Tariffs on China: Are They Doing Good, or Doing Bad?
Among Trump’s headlining decisions are the tariffs imposed on products the country imports from China. While his aggressive stance may be an attempt at strong-arming the powerful country, many argue he is hurting American citizens more than he is standing up for their best interest.
As with any political decision, there are always pros and cons (and many areas of gray that intersect them). So, before you make your decision on where you stand, let’s break down some of the highlights.
A Quick Recap
First, what are the purpose of tariffs? They are used by a country to increase its government revenue while providing a balance between providing necessary goods and materials to the country, while simultaneously protecting domestic industries from too much foreign competition. Traditionally, charging a tax on imports means the government allows companies on home-soil to sell their products at higher costs, providing support to vital aspects of the economy – most notably, employment.
Except tariffs are no longer seen as being the best method through which to support foreign trade, and until Trump’s recent decision, the U.S had one of the lowest tariff’s globally – something he viewed as being a problem. But by reducing or eliminating foreign competition through raising tariffs, you give home-based industries and businesses the ability to increase their prices. This is not a problem for the minority who can afford the increase in costs, but this is a big problem for the average citizen.
Making America Great Again?
Let’s consider this: how many “Made in China” labels do you see on your products? A lot, right?
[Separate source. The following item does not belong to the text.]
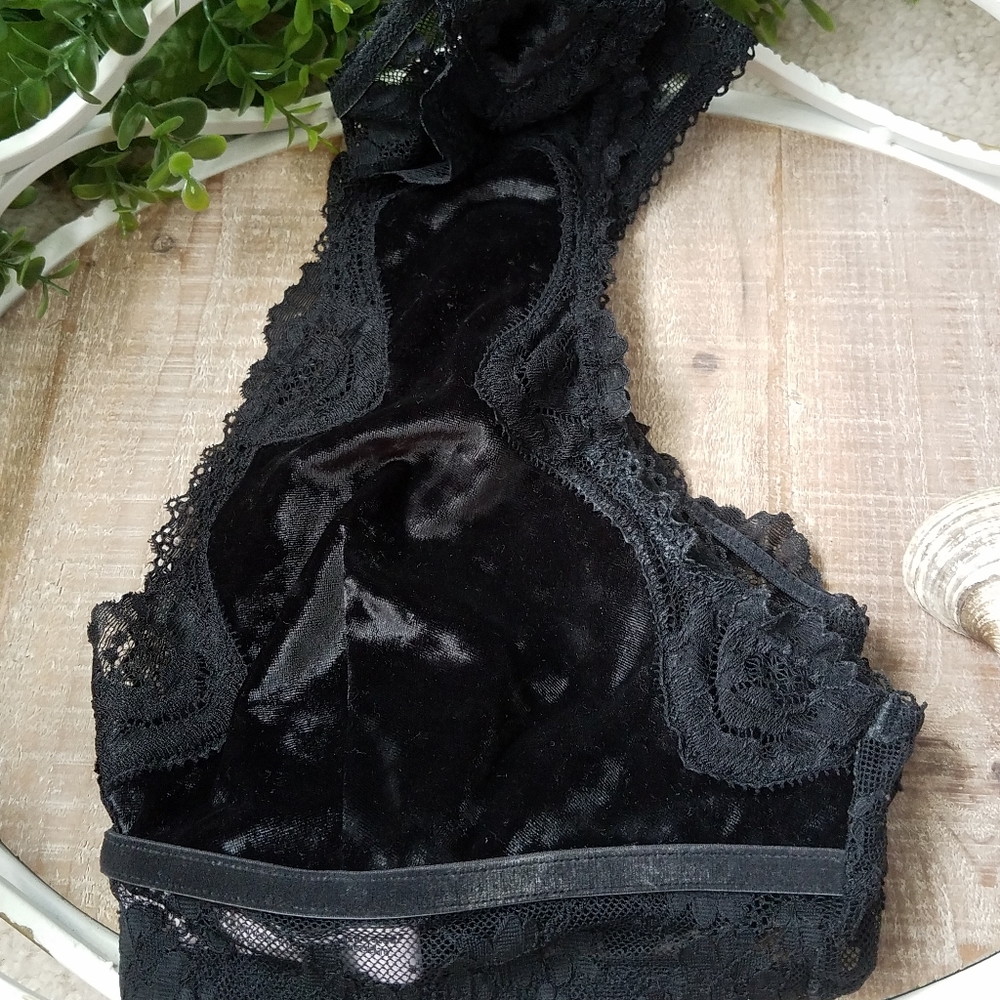 Victoria's Secret Velvet Bralette - Picture 3 of 9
Most people are aware how much cheaper products from China are, but the extent to which American’s rely on these products is likely underappreciated, as the few times you recall seeing a label is only a small fraction of what is purchased. In fact, China is America’s biggest trade partner. Has anyone looked at the label of their “Make America Great Again” hats? Even the President relies on foreign industries in his touted support of his home country.
Trump and his government explain the goal behind the President’s decision is to weaken the power of Chinese manufacturers and China’s exporting power. It seeks to encourage heavier reliance on U.S producers and manufacturers – domestically and abroad – using the hit to China’s economy to bolster U.S strength. China may be coerced into making their prices more competitive, which would show in the cost of goods to consumers, but that is a big “may”, and when it would happen (if it does) is anyone’s guess.
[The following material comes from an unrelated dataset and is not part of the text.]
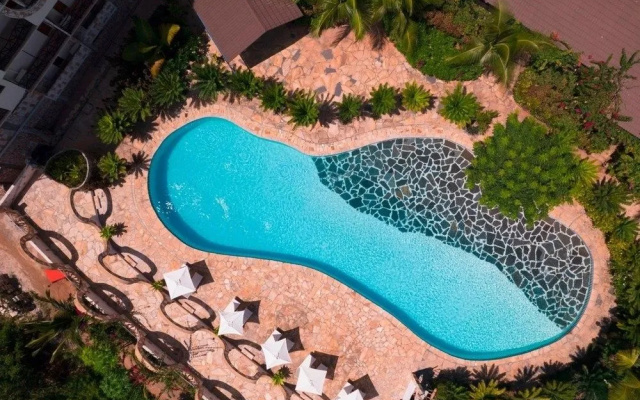 Palumbo Waves Resort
The benefit of international trade is that it allows every country to rely on trade partners for certain products so that they can then specialize in the production or manufacture of other products. The problem in the case of the U.S is that there is a very heavy reliance on products from China because the industries on home soil are either not existent, or insufficient, at making certain items period, let alone at competitive prices.
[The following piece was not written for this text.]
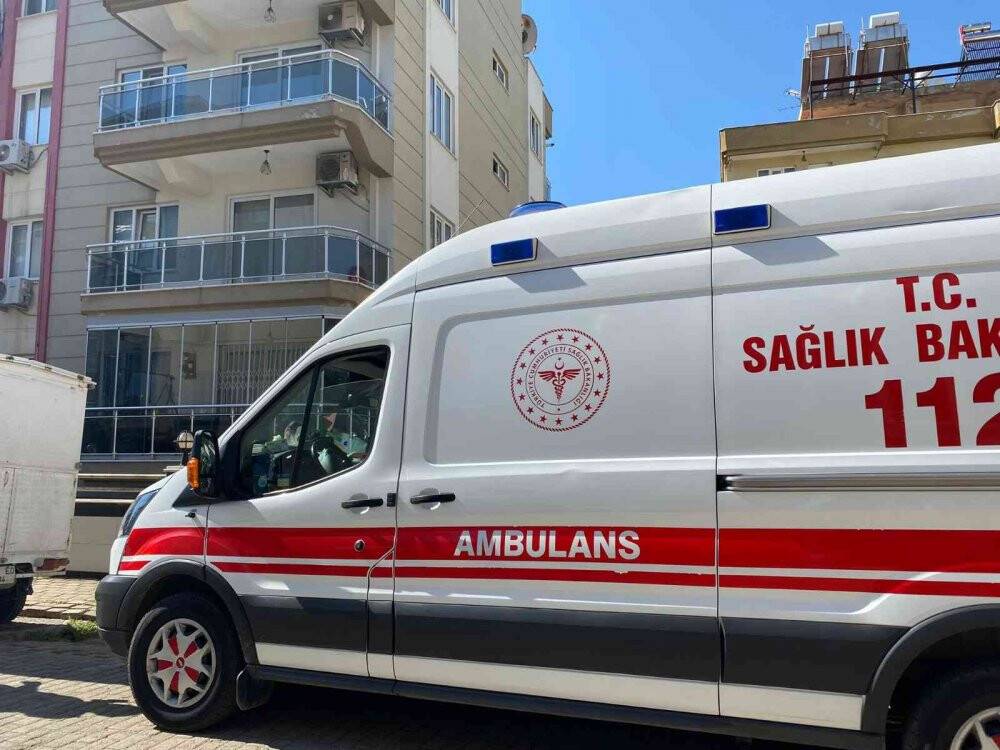 Dekan sekreterinin intiharı yakınlarını yasa boğdu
It is easy to understand why there is support for decisions that encourage an increase in the quantities of goods produced locally and the variety of what is produced. However, it is not a transition that can just happen by throwing tariffs onto trade goods, nor is it one that is purely beneficial either. Much of the productive and manufacturing sector in the U.S are not able or prepared to make a large number of the products the country has been relying on China for. If the goal really is to strengthen local production, it would be a more stable plan, for example, to work on developing the necessary industries first, before slapping the hand that feeds them.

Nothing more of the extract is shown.